O consenso entre os integrantes da Corte para a decisão em unanimidade é de que a lei que restringe a atividade humorística nos três meses que antecedem as eleições fere a liberdade de expressão e o direito à informação.
Para a presidente da Suprema Corte, Cármen Lúcia, o que se pretendeu na lei foi impedir a possibilidade de questionamentos ou contestações por meio do humor. “Aprendi que liberdade é expressão, o que não se pode expressar é carente de liberdade. Censura é a mordaça da liberdade, quem gosta de censura é ditador”, disse a ministra. “A crítica ácida mantém-nos alertas para as possibilidades de aperfeiçoamento.”

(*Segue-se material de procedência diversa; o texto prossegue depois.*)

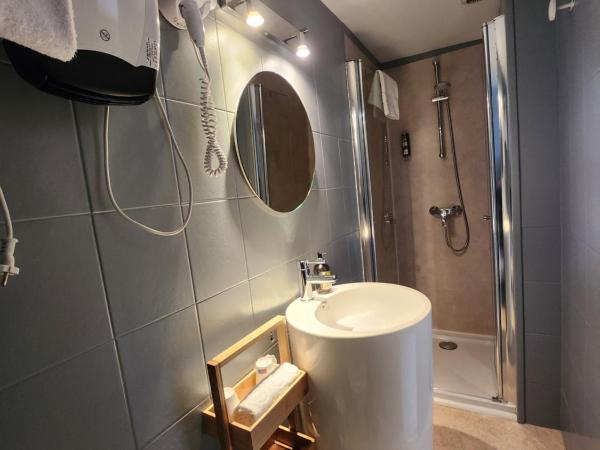 Logis Hôtel Lafayette Rochefort France : photo 6 de la chambre chambre double Économique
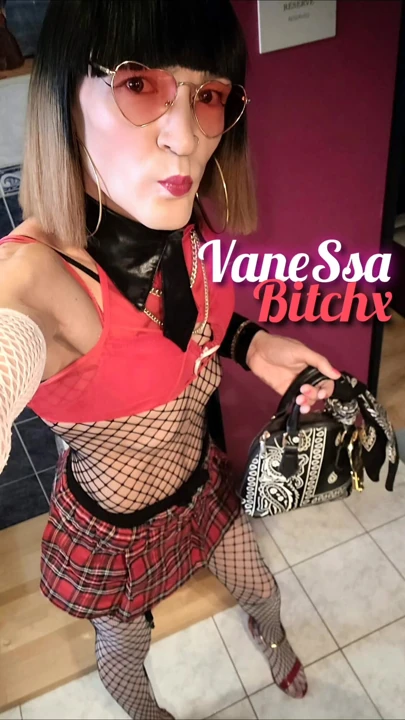 VaneSsaBiTCHx 🎒, Lyseum'un küçük Travestit fahişesi. 2⁰²6 PariSChienneTrvprod⁹¹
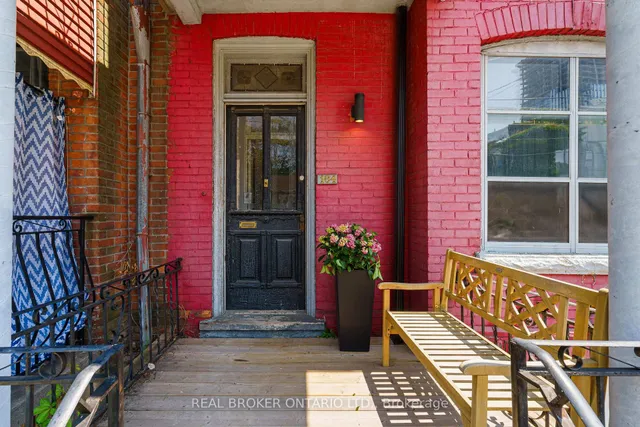 Additional image 2 of 164 Catharine St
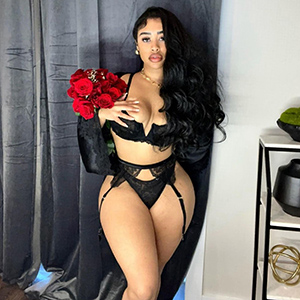 Polina zierhafte Begleitmodel mit Streicheln & Schmusen sucht Freizeitkontakte bei Sex Escort Berlin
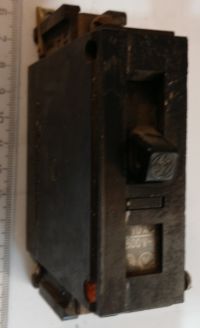 starší typy jističů 0,4A 500V, z demontáže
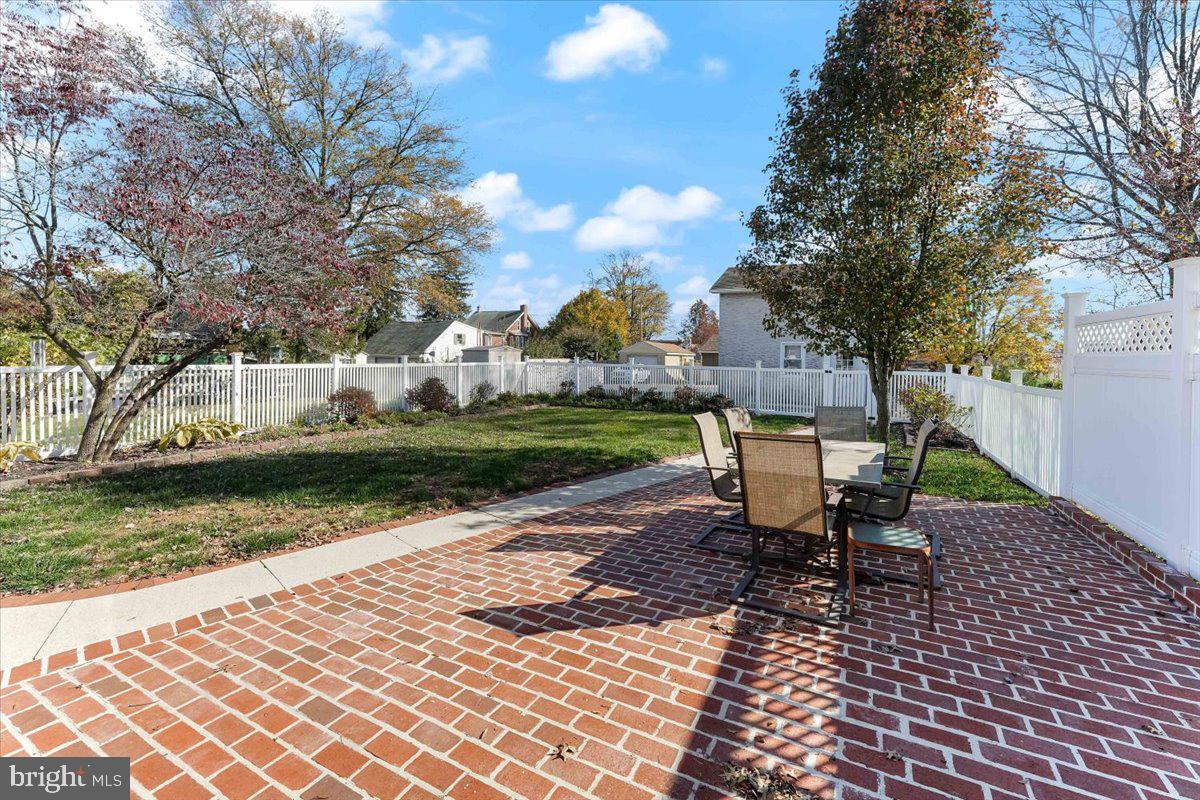 326 Walnut Street Spring City, PA 19475 - Photo 30 of 37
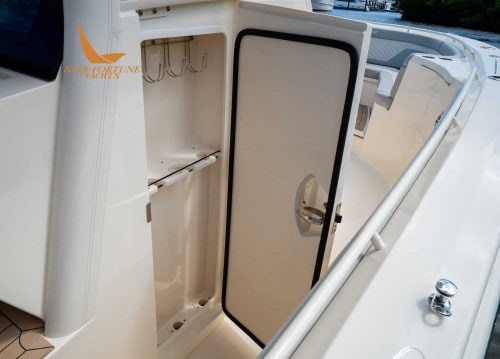 330lxf-details-033-500x359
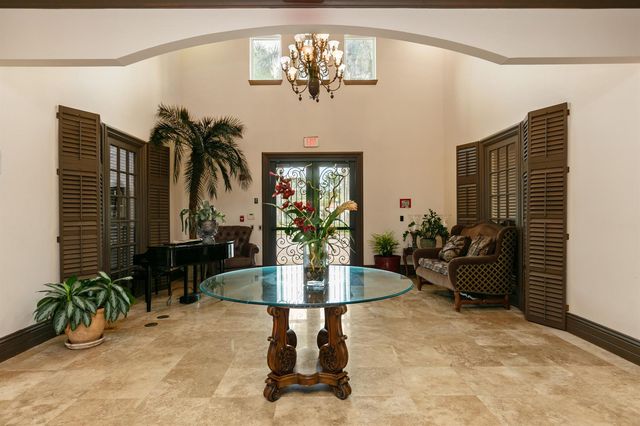 813 Villa Circle, Boynton Beach, FL 33435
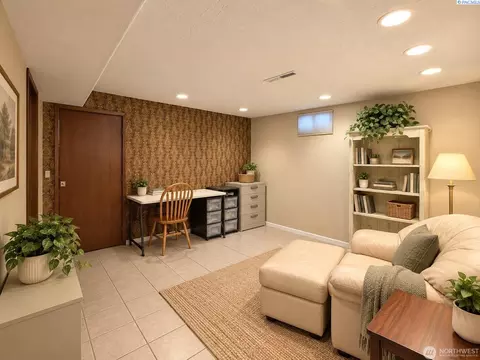 Other - 808 E Oak St, Othello, WA 99344 photo 7 of 7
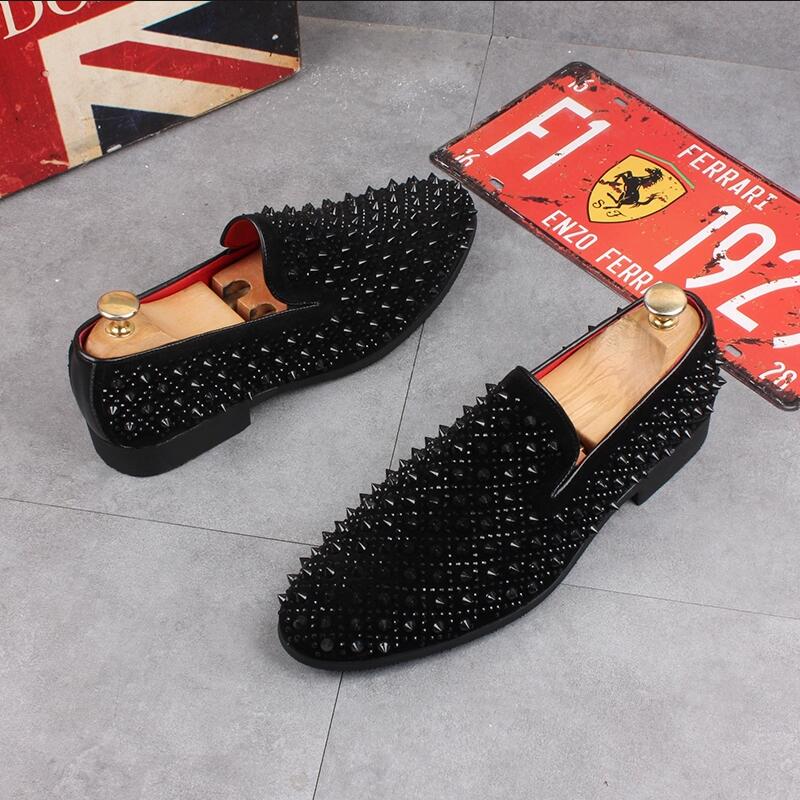 Fashion Personalized Foot Set Loafers Willow Spikes Men's Studded Leather Shoes Korean Hair Stylist Bean Shoes Handmade Dress Shoes A8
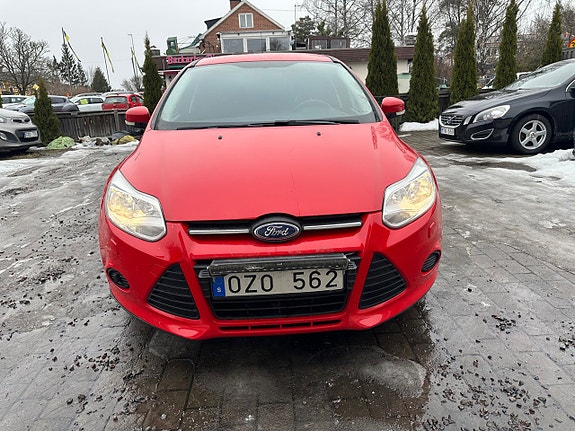 Ford Focus 2 of 5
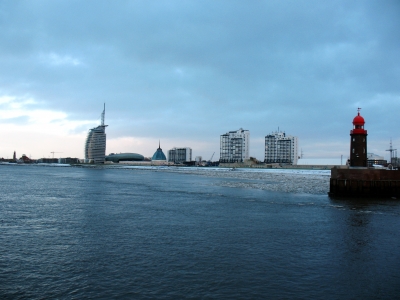 Bremerhaven von Bord der Fähre aus gesehen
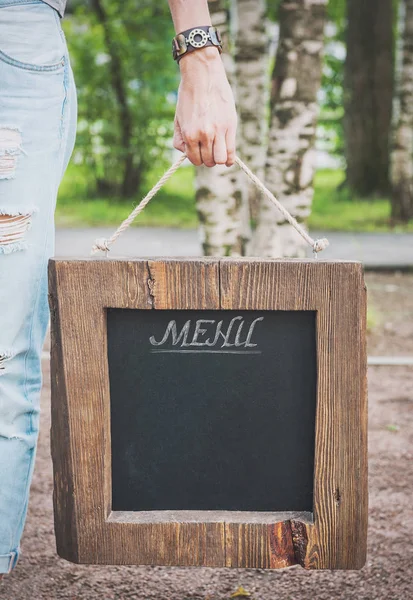 Vrouw met lege bord met houten frame. Sjabloon Mock — Stockfoto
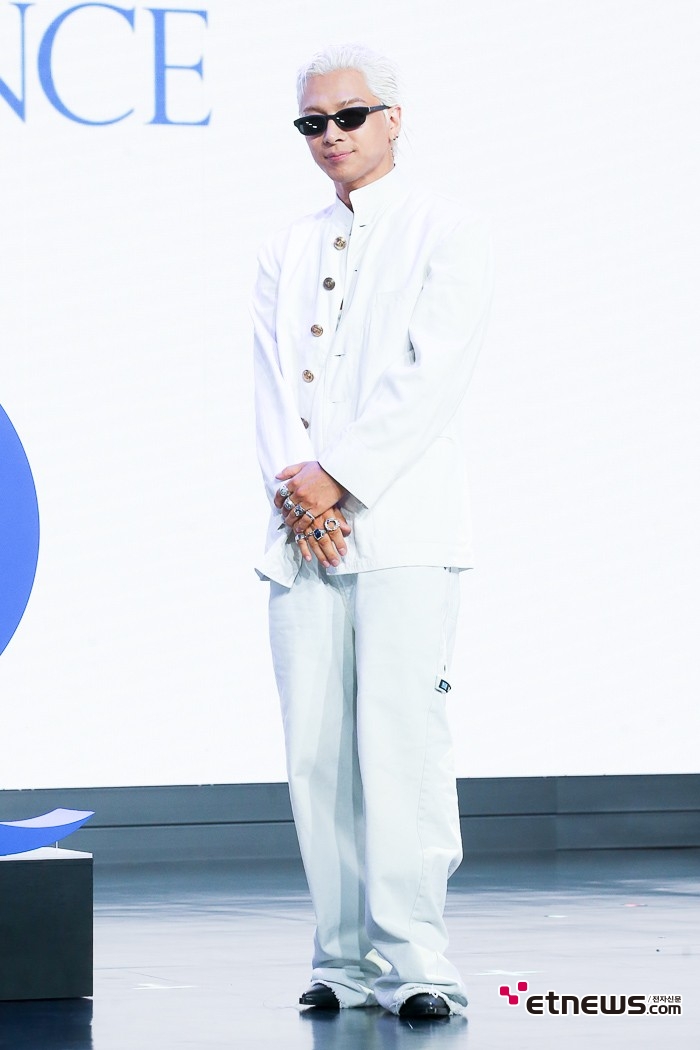 [ET포토] 태양, '감각 남다른 화이트 스타일'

Já o ministro Celso de Mello afirmou durante a votação que o humor e o riso assumem relevante importância na democracia, porque constituem “papel de poderoso instrumento de reação popular”. Na quarta-feira, 27, o decano da Corte divulgou a íntegra de seu voto: “Nenhuma autoridade, mesmo a autoridade judiciária, pode prescrever o que será ortodoxo em política ou em outras questões que envolvam temas de natureza filosófica, ideológica ou confessional, nem estabelecer padrões de conduta cuja observância implique restrição aos meios de divulgação do pensamento.”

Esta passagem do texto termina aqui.